# ABOUT THIS EXERCISE:
Your task is to repeat exactly the lines below between the line holding "কামড়ে কৃষকের মৃত্যু" and the line holding "CT image showing", inclusive, and only those.
== AVAILABLE RECORDS
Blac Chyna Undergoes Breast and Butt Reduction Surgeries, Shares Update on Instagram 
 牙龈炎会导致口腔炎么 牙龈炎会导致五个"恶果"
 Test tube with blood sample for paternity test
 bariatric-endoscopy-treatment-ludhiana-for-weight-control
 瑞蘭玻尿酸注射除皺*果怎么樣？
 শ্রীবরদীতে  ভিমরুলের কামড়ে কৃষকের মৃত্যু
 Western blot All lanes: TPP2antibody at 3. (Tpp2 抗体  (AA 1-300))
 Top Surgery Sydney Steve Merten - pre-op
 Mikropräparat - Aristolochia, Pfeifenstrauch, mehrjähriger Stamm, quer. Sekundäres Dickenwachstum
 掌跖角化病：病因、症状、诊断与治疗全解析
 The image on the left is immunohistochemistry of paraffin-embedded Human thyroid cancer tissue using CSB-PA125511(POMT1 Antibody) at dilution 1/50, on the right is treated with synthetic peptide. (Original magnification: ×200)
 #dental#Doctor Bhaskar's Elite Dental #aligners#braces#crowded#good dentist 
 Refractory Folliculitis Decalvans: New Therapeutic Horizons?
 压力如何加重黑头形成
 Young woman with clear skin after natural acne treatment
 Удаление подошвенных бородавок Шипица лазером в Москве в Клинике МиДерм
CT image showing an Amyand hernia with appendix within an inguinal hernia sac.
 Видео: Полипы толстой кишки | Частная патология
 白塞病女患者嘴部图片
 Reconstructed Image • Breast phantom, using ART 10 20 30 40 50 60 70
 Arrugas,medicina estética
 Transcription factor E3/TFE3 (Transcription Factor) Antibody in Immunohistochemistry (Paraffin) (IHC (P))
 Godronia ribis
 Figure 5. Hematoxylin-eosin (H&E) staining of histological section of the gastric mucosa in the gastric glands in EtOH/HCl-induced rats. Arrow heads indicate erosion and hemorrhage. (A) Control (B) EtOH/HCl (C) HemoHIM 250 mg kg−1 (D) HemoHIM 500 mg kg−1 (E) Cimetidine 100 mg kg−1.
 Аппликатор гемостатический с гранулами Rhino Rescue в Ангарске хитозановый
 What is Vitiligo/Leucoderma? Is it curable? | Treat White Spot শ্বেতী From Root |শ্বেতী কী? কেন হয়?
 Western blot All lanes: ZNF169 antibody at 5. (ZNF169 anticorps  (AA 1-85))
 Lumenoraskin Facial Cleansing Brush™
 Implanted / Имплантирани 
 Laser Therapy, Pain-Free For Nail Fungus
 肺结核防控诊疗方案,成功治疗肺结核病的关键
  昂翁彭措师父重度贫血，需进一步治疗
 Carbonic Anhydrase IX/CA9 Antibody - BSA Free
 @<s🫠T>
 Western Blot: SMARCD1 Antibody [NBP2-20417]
====
# WRITTEN REPLY:
 শ্রীবরদীতে  ভিমরুলের কামড়ে কৃষকের মৃত্যু
 Western blot All lanes: TPP2antibody at 3. (Tpp2 抗体  (AA 1-300))
 Top Surgery Sydney Steve Merten - pre-op
 Mikropräparat - Aristolochia, Pfeifenstrauch, mehrjähriger Stamm, quer. Sekundäres Dickenwachstum
 掌跖角化病：病因、症状、诊断与治疗全解析
 The image on the left is immunohistochemistry of paraffin-embedded Human thyroid cancer tissue using CSB-PA125511(POMT1 Antibody) at dilution 1/50, on the right is treated with synthetic peptide. (Original magnification: ×200)
 #dental#Doctor Bhaskar's Elite Dental #aligners#braces#crowded#good dentist 
 Refractory Folliculitis Decalvans: New Therapeutic Horizons?
 压力如何加重黑头形成
 Young woman with clear skin after natural acne treatment
 Удаление подошвенных бородавок Шипица лазером в Москве в Клинике МиДерм
CT image showing an Amyand hernia with appendix within an inguinal hernia sac.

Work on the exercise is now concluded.